Summary
Those familiar with Apache will be used to the luxury of being able to specify redirects on the fly, without having to write programs to catch errors, and ensure they return the correct HTTP status codes. Being new to Apache, I was amazed at just how easy it is. The following provides an overview of the Apache Redirect
directive.
Author: Gez Lemon
As my new host uses Apache and PHP, I need to redirect requests for old documents to their new equivalents. One of the things I was concerned about, was returning the correct HTTP response code, to let clients know that the page has been moved permanently. Being new to Apache, I've no idea how powerful the directives that may be added to the .htaccess file are, but I decided to look up the Redirect
directive, and see whether that had a method to include the HTTP status code.
By default, the Redirect
directive returns a status code of 302
(moved temporarily). Fortunately, the Redirect
directive has an optional parameter that allows you to specify a different status code. The correct status code for moved permanently is 301
. The following directive returns an HTTP response status indicating that the resource has moved permanently, asking the client to fetch the new URI.
Redirect 301 /cognitive-impairment.asp http://juicystudio.com/article/cognitive-impairment.php
A complete list of HTTP status codes can be found in RFC 2616. Status codes in the 3xx
range must include the new URI parameter; for any other status code, the URI parameter must not be provided. Apache also supports the following tokens, which can be used in place of a literal HTTP status code:
- permanent
-
Returns a status code of
301
, indicating that the resource has moved permanently. - temp
-
Returns a status code of
302
, indicating that the resource is temporarily under a different URI. This is the default value if no status code is provided. - seeother
-
Returns a status code of
303
, indicating that the resource has been replaced. - gone
-
returns a status code of
410
, indicating that the resource has been permanently removed. As this status code is outside of the3xx
range, the URI parameter should be omitted.
The Redirect
directive above could be written using the more readable token for moved permanently.
Redirect permanent /cognitive-impairment.asp http://juicystudio.com/article/cognitive-impairment.php
As well as the Redirect
directive, Apache also has a few other directives for redirecting clients, including a RedirectPermanent
directive.
RedirectPermanent /cognitive-impairment.asp http://juicystudio.com/article/cognitive-impairment.php
Another directive that will be useful to me when I have moved more of the material to the new host is the RedirectMatch
directive, which allows the match to be based on a regular expression.
Category: Apache.
[apache-http-status.php#comment1]
Welcome to Apache!
Are you on a shared host Gez? If you have access to the httpd.conf file you are much, much better off adding these directives there rather than falling into the .htaccess trap.

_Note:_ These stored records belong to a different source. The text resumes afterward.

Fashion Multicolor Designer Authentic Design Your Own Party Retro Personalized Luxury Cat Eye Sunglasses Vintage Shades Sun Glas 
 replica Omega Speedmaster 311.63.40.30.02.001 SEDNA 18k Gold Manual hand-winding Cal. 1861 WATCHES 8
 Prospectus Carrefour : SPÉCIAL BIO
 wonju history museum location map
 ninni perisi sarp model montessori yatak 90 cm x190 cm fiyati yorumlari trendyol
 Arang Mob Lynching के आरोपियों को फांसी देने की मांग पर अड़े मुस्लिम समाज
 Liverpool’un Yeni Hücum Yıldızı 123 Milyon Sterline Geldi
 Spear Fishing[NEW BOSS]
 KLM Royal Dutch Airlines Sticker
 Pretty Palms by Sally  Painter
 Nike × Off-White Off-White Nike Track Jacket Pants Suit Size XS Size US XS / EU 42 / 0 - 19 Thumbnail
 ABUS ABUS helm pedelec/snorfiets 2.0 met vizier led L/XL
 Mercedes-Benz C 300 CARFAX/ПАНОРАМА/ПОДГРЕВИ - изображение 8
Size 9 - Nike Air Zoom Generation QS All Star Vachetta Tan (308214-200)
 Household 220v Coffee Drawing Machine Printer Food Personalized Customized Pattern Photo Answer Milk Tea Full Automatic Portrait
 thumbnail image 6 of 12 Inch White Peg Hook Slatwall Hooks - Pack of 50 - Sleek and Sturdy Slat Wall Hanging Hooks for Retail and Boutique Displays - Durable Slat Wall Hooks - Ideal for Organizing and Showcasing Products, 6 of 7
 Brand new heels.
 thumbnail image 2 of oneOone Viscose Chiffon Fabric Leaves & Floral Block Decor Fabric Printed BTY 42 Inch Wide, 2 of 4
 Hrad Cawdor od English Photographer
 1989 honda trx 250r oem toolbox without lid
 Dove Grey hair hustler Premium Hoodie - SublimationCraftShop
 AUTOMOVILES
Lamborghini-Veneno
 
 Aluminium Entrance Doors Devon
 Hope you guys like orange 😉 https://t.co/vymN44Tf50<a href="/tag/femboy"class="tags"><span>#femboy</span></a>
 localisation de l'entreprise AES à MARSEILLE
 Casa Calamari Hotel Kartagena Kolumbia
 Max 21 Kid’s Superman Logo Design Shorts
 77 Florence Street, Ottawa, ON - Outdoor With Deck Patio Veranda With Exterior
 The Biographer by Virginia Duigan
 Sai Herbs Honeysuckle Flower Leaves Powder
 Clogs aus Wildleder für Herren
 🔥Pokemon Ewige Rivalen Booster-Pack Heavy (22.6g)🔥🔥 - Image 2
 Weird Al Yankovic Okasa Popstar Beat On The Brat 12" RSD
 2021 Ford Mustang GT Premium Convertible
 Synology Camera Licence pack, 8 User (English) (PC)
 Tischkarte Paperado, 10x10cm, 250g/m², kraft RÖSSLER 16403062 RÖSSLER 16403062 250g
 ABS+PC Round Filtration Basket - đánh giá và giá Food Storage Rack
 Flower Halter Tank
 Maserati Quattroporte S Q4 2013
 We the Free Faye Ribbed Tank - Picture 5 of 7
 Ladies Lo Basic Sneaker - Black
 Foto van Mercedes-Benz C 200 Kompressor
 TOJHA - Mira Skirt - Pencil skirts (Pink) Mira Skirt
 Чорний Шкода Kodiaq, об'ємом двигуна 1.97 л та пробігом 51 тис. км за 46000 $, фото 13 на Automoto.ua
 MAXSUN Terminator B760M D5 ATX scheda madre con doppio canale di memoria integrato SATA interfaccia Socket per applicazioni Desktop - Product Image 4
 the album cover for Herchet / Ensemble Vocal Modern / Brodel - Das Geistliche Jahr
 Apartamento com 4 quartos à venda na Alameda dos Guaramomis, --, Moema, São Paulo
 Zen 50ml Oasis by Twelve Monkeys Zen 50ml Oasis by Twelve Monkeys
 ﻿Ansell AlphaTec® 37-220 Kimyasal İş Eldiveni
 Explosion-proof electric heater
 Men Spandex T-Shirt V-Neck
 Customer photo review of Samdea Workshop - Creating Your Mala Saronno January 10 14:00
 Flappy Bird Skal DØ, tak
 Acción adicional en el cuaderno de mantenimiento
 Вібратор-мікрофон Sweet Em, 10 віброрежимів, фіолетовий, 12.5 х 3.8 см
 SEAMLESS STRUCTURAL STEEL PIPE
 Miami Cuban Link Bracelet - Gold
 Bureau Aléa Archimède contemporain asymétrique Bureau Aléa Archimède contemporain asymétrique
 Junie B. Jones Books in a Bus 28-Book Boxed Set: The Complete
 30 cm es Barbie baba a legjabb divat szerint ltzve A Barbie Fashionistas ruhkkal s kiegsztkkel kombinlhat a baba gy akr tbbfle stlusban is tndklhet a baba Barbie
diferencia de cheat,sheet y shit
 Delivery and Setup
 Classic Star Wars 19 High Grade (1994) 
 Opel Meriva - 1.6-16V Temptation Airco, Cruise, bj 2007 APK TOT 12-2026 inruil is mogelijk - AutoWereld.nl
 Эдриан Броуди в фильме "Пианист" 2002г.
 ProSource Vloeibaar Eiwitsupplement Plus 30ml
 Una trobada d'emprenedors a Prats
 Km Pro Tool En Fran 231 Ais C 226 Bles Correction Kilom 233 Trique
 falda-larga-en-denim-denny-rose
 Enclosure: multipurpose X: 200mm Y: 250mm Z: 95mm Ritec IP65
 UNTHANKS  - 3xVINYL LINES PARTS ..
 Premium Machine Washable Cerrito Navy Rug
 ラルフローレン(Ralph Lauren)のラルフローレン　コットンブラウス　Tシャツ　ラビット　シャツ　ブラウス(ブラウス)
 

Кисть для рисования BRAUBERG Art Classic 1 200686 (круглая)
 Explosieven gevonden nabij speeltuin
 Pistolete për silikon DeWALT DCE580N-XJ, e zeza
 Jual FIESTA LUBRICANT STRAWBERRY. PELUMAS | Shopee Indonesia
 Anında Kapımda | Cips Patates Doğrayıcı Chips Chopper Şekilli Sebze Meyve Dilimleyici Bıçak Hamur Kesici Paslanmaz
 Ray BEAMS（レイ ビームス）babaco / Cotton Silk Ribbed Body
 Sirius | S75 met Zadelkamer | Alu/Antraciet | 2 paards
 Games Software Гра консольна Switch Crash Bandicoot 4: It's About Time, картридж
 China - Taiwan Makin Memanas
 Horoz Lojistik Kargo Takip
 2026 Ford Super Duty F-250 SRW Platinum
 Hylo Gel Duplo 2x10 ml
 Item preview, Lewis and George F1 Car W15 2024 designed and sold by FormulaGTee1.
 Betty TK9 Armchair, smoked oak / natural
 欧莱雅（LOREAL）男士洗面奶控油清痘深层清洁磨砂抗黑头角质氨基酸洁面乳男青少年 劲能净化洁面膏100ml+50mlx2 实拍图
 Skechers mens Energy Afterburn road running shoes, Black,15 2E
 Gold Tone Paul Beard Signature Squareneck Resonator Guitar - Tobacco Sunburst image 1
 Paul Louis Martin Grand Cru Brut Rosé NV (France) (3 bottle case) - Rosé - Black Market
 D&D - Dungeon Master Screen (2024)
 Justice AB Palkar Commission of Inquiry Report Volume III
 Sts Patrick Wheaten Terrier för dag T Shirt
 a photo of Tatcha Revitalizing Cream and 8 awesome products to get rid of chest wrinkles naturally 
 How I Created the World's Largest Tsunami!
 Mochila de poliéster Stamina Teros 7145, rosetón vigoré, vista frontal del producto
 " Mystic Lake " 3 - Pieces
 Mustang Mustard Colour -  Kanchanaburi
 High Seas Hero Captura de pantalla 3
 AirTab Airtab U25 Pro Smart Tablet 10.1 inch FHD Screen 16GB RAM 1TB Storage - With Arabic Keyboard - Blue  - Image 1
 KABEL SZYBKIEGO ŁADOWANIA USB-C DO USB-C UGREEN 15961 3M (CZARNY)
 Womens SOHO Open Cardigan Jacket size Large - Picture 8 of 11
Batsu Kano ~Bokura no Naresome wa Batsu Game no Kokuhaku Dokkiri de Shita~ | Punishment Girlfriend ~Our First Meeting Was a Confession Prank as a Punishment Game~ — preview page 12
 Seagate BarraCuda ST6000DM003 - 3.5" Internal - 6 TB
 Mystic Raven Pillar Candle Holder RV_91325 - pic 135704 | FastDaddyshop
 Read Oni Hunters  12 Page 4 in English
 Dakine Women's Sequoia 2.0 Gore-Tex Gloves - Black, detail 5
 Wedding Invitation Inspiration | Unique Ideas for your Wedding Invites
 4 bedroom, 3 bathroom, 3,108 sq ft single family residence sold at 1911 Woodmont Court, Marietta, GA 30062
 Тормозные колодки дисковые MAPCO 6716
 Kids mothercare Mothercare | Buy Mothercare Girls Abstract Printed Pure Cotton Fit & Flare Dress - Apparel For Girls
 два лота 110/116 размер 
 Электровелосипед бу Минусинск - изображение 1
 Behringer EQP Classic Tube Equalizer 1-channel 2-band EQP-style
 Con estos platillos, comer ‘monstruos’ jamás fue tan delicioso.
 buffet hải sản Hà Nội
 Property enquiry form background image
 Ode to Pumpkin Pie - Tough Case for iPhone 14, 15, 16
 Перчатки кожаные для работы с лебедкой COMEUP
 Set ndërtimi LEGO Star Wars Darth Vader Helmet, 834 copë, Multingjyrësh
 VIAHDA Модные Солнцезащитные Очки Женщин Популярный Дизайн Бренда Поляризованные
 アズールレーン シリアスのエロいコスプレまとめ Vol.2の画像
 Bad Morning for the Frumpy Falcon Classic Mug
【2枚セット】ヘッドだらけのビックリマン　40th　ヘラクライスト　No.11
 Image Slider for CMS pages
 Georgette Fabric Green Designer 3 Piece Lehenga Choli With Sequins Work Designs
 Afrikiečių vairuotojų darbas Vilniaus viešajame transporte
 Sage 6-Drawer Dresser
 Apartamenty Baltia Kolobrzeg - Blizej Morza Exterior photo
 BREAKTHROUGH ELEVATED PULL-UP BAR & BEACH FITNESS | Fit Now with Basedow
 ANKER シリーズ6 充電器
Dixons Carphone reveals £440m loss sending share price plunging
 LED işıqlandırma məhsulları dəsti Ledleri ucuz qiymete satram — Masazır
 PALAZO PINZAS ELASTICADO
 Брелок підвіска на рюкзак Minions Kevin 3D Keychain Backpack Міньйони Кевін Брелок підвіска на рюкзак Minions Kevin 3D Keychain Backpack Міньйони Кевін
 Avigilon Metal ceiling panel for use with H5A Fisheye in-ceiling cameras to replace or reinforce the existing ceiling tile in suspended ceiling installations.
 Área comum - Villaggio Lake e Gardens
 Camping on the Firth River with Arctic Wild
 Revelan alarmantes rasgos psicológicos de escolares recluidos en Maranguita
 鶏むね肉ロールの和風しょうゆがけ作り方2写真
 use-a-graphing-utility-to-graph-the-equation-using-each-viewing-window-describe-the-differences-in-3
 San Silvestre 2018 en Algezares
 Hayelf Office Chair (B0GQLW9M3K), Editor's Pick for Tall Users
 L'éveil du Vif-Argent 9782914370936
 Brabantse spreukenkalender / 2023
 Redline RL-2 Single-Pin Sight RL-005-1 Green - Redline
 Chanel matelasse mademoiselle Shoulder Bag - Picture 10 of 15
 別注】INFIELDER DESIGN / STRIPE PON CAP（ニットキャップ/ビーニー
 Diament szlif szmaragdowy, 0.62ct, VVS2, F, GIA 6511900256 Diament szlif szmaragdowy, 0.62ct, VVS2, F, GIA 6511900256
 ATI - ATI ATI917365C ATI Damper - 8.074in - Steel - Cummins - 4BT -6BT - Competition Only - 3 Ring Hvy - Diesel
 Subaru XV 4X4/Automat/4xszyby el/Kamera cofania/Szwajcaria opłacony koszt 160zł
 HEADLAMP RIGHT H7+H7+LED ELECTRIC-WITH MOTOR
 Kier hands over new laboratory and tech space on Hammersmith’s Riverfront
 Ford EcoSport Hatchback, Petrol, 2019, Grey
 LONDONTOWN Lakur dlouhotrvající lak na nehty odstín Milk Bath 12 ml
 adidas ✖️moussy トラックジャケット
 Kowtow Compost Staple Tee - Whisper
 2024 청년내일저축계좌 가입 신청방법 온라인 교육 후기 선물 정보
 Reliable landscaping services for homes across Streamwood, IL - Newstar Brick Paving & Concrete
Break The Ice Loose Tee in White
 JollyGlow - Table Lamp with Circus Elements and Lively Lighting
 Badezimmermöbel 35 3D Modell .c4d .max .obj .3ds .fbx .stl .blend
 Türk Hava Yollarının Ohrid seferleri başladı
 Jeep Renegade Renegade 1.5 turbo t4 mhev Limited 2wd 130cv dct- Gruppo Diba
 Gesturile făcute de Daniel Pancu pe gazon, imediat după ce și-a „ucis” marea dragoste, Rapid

Not that they aren't useful, and many webmasters on shared hosts don't have the luxury of the better option.
The problem with .htaccess files is a performance one. If AllowOverride is enabled on a directory, for every hit to a page in that directory, Apache will search for .htaccess files there, and *every sub-directory under it*
Regardless of if they are there and used or not. ~d
Posted by Douglas Clifton on
[apache-http-status.php#comment2]
Hi Doug,
I am on a shared server, so my only option is .htaccess. I'm using httpd.conf at home, and was quite concerned when I found out that I wouldn't have access to it when I moved everything to the server. That's when I discovered .htaccess, although I am concerned about the performance. It's going to be a steep learning curve, but good to be learning all this new information
Posted by Gez on
[apache-http-status.php#comment3]
One solution to the problem of lack of access to httpd.conf on a shared host is a virtual host configuration file. I use them anyway to keep things modular, even though I have a dedicated server [one I share with a mate, to use a British/Aussie expression].
Anyhoo! If the hosting company will allow this, all they need to do is reconfigure the httpd.conf file to point the virtual host entry at the external config file. However, they may not allow this, as any syntax errors in the configuration file(s) will cause Apache to complain and exit on start, or restart. Make sure you test changes on your home/development box first! Also:
is your friend.
An example, only slightly modified, from my host:
Once this is done, you have all the power of apache configuration at your fingertips, but limited to the scope of your virtual. One of the first things you should do is disable .htaccess files:
Just a few of the things you can do with your own virtual host config:
tweak mod_gzip, if available
tweak PHP sessions, if you use them
prevent hotlinking
auto redirect
custom error documents
set-up "clean" URIs via:
which, when used with PHP code like this:
is very powerful stuff.
I think I just wrote my first Juicy Studio article. lol...~d
Posted by Douglas Clifton on
[apache-http-status.php#comment4]
Thank you for the heads up, Doug. I'm a proper newbie to Apache, and most of that is above me. Presumably, the host take care of the <VirtualHost [ip][ ort]> directive, and I just have to provide the virtual.conf file, which would be my version of httpd.conf? I'm not confident I could create a version of httpd.conf locally that would work. If there were a danger that anything I did would affect their other customers, it would probably be too dangerous to do; I just don't have enough knowledge, and tend to be particularly bad at configuring things. I do know that mod_gzip is only available through the dedicated hosting plan, which I couldn't afford.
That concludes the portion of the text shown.